Thats very weird. I have never heard of a gas station running out of gas. The average price of gas here is 3.63/gal (just saw it on the news). Why would gas be scarce for you but not Oregon it doesnt make any sense?


----------



## hsd (Sep 8, 2008)

Asully70 said:


> Thats very weird. I have never heard of a gas station running out of gas. The average price of gas here is 3.63/gal (just saw it on the news). Why would gas be scarce for you but not Oregon it doesnt make any sense?
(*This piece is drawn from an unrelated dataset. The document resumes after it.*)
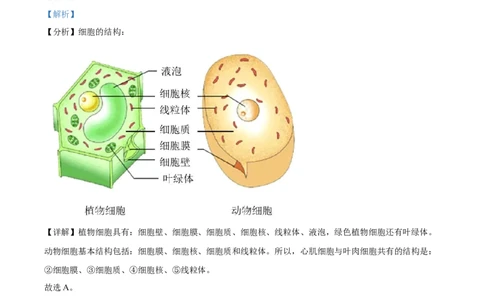 精品解析：2022年山东省菏泽市中考生物真题（解析版）_6生物中考复习_2025中考复习资料_中考真题（近三年）_2022年生物中考真题114份_精品解析：2022年山东省菏泽市中考生物真题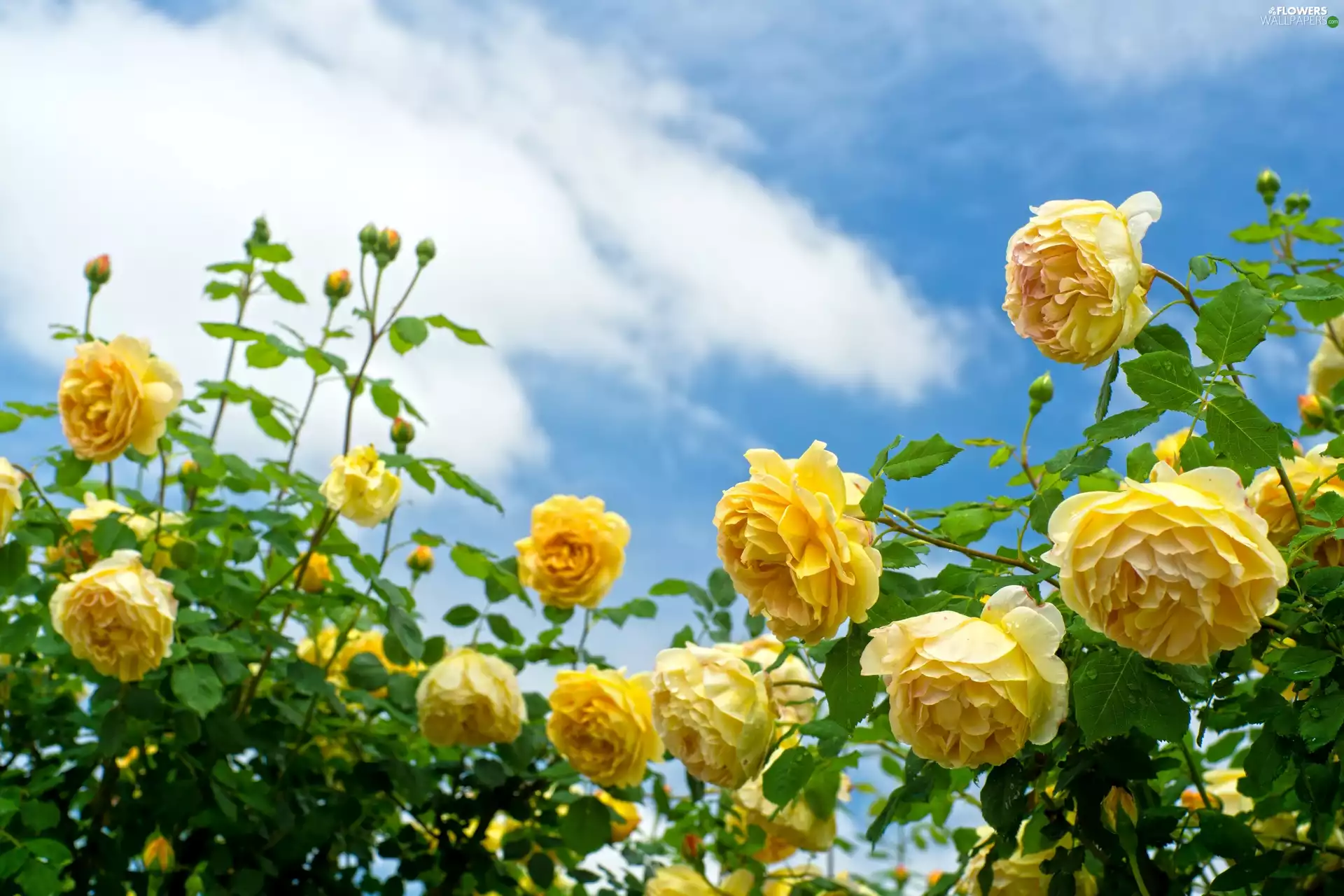 Leaf, Sky, roses, Buds, Yellow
Think it has to do with the route georgia gets it through. I'm sure it'll get resolved just a matter of time, perhaps a few days or another week, who knows. Just glad I live on campus, I can stretch a full tank of gas if need be. Feel sorry for the folks that commute far to work, more of a hassle finding a station.


----------



## Asully70 (Aug 22, 2008)

Ya that seems like a major inconvienience. I hope nothing like that ever happens over here. I drive to school 2 days a week and drive to work 4-5 days a week. work is about 24 miles away both ways and school is probably 20


----------



## khudgins (Jan 28, 2008)

Our gas comes via a pipeline from the western gulf - you know, Galveston, etc, that just got hit by a hurricane. The refineries and processors have all been offline for a while.

That, combined with the fact that Atlanta runs a low-sulfur blend during the summer, means that we're actually lower in the priority list in getting our lo-smog gas than the rest of the southeast. The shortage will probably last another week or so, maybe two if people continue to buy in panic mode.


----------



## khudgins (Jan 28, 2008)

To bring this thing back on-topic, anyone hace cherry shrimp breeding advice? We've got a small colony in a little 1 gallon plastic tank for the moment, in a window with java moss and other random greens growing in it. The shrimp seem to be doing well, and are definitely eating (bottom's showing shimp poop) but I'd like to see some more grow out and breed, since my wife loves shrimp in the tank.


----------



## zmo63 (May 7, 2007)

Are your females getting berried periodically? They may be breeding, but you might be losing the fry - feed lots, keep the water quality good, and make sure your filter intakes have sponges over them!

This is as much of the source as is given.